On the other hand there were FDs who were strongly in favour of a separation of the two kinds of work. ‘I believe in auditor independence and any consultancy or tax engagement can destroy this independence,’ said one while another said he would ‘draw a distinction between tax work, which is acceptable, and large consulting contracts, which are not’.

Reduction in non-audit work
However, more than half expect best practice to result in a reduction in the amount of non-audit work awarded to auditors.

‘The age of using audit as a loss leader for value-added services is over. In future, investors will want to see real scrutiny of company accounts and those companies which are not seen to be providing it will suffer.’

Those who answered the survey were quite clear that many of the questions in the survey deserved different answers, according to whether publicly-quoted companies or owner-managed businesses were under discussion.

‘The whole idea of auditor independence is of much greater importance when they are reporting to shareholders who do not form part of the management team. When auditing private companies, cross-selling of consultancy work etc. can bring benefits without the same risks that lack of auditor independence could bring to a public company.’

FDs were also asked whether auditors should do more to ensure there is no fraud or other irregularity in the company accounts. The results show they are evenly split as to whether they should pay more for such a service.

Fraud is an issue for directors
In a typical comment on the role of auditors, one FD said: ‘At the end of the day, company directors are responsible for preparation. Ensuring no material fraud is contained in the accounts is an issue for the directors. The auditor is not the main problem here,’

Others felt fee arrangements should ensure auditors bear some element of risk and ‘take responsibility for their errors’.

Some wanted a ‘back to basics’ approach from auditors.

‘Auditors used to check that things were right. Now they look at trends and pretend to be business advisers. They should get back to basics,’ said one.

Views also edged towards the downright sceptical.

Companies, according to one FD, ‘do not get good value for money from their audits. Auditors spend far too long form-filling to ensure their PI (insurance) requirements are met. Critical systems reviews are rare – often audit staff are so inexperienced they wouldn’t spot a fraud if it bit them. The pressure on audit managers is too great to bring an audit home “within fee budget” that they cannot spend quality time with the client. I would be happy to pay higher audit fees if I felt I was getting value added.’
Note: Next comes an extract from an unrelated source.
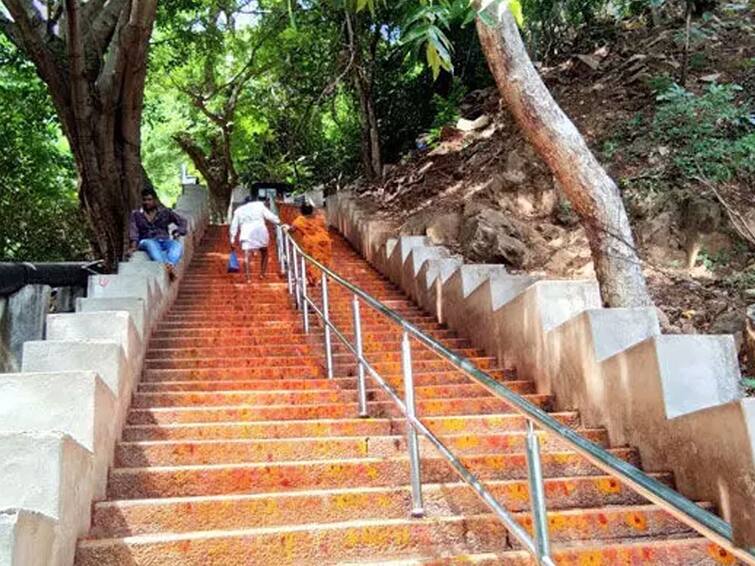 New Leopard Spotted At Srivari Mettu In Tirumala Leopard In Tirumala: శ్రీవారి మెట్టుమార్గంలో చిరుత సంచారం, భక్తులకు టీటీడీ హెచ్చరిక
More criticism was piled on the audit process. ‘The speed with which auditors sign-off after the year-end indicates to me that they are relying heavily on representations. I can’t be alone in thinking that use of the phrases “off balance-sheet” and “special purpose entity” state the users’ intention to mislead.’

To evaluate the impact of the scandal on Andersen, FDs were asked whether the Enron affair would affect their choice of auditor were they to put their audit out to tender. Andersen may take some comfort from the fact that, even with the press still laden with the scandal, more than 40% would be prepared to give Andersen the benefit of the doubt. Nevertheless, more than three-quarters of respondents expect Andersen’s corporate clients here and in the US to seriously consider switching firms.

Some FDs see the scandal as an assurance that Andersen will now have to provide good work. ‘Using Andersen at the moment would be like taking a flight immediately after 11 September: because of heightened security it made it much safer. The whole firm will be so aware of the Enron problem that they are very unlikely to allow any questionable transactions,’ said one supportive FD.

The Enron effect
Others said Enron had blighted Andersen’s opportunities.

Comments were rife with pessimism. ‘We are on the point of moving to a Big Five firm across Europe but we excluded Andersen from the list. The publicity did not help their cause.’

‘It is difficult to see how Andersen’s reputation can be saved and it will lose some business as a result,’ said another.